Ensayo que permite tanto buscar respuestas como formular nuevas preguntas,
momento de un proceso que se construye y se revisa paso a paso. En el
sentido literario, la idea del ensayo engarza con nuestra visión del
hecho educativo en la medida que hacer educación requiere una reflexión
sobre la práctica que van a generar discursos sobre ella. Por último
el término ensayo nos remite al campo artístico y dramático. Ensayar
es lo que hacen los grupos teatrales y los intérpretes musicales. Es
el ensayo un marco para producir con otros, para revisar y aprender,
para crecer junto a otros. Ensayos son los encuentros en el salón de
actos de alumnos de un ciclo con sus flautas dulces preparando la actividad
de cierre del trimestre; ensayos también los trabajos de matemáticas
o los de comentario de texto de lengua, filosofía o historia.
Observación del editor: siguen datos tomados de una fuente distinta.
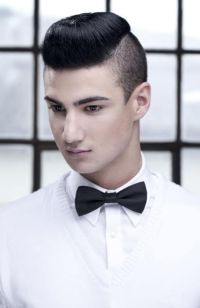 Mens Medium Length hairstyles and haircuts
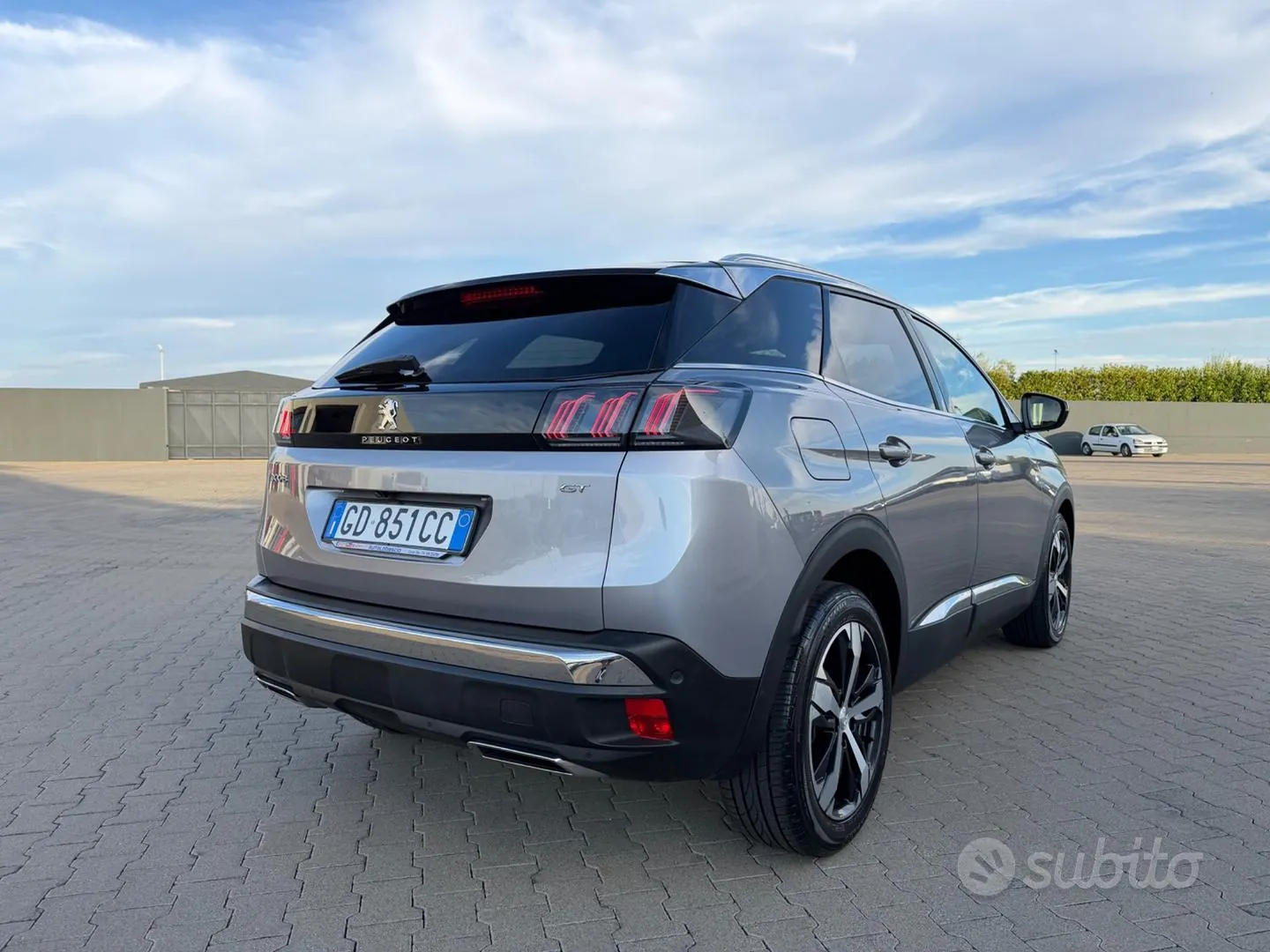 Peugeot 3008 2020 photo 5
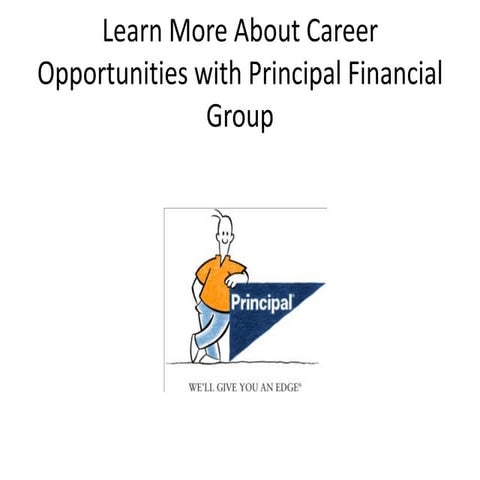 Principal   Are You Ready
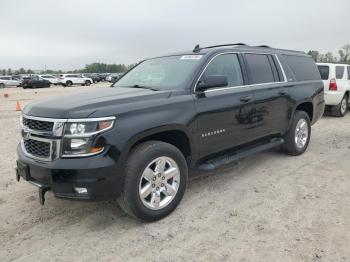  Salvage Chevrolet Suburban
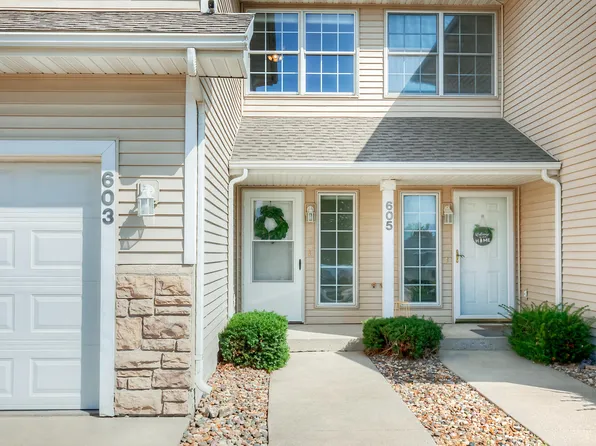 603 E 4th St, Huxley, IA 50124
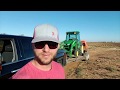 How to plant 5 acres of grass for less than $200: Lisemby Farms VLOG 6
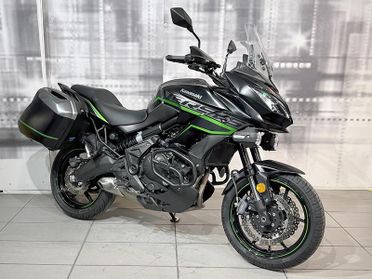 Kawasaki Versys 650 ABS Tourer Plus
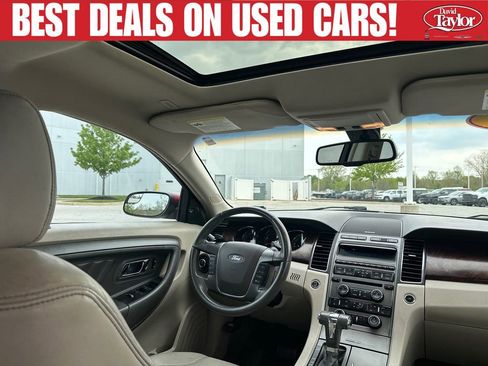 Used 2012 Ford Taurus SEL FWD image 34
Desde otra perspectiva Alicia
Fernández [19]
propone el término autoría para pensar el lugar de actividad creadora
del que aprende y el que enseña. Esta psicopedagoga define la autoría:
“Como el proceso y el acto de producción
de sentidos y el reconocimiento de sí mismo como protagonista o partícipe
de tal producción”. Fernández desarrolla una posición ante el pensamiento
que lo remite a la capacidad para hacer preguntas, lejos tanto de las
certezas dogmáticas como de las dudas inmovilizantes. La autora también
señala que la relación entre creador y creación no es unívoca. La creación,
como el aprendizaje o el saber, transita entre los sujetos pero no establece
con ellos relación de propiedad. Y considera que el vínculo entre autor
y obra los condiciona de una manera recíproca: “Nosotros trabajamos con la noción de autor,
como autor de obra y recíprocamente como él mismo creado por la obra
que está creando. Este autor se produce cuando se reconoce creando,
cuando su obra muestra algo nuevo de él, que no conocía antes de plasmar
su obra”. Precisamos mudar a un paradigma
de enseñanza que pase de subrayar como claro, conciso, concreto el objeto
de su actividad y que pueda integrar características como complejidad,
contextual, conflictivo y cuestionado. Que no le tema a la confusión
ni a la incertidumbre. [1]
Jasiner, Clara, El aula:
territorio de la palabra subjetivante,
en Revista Área
3. Cuadernos de temas grupales e institucionales. www.area3.org.es.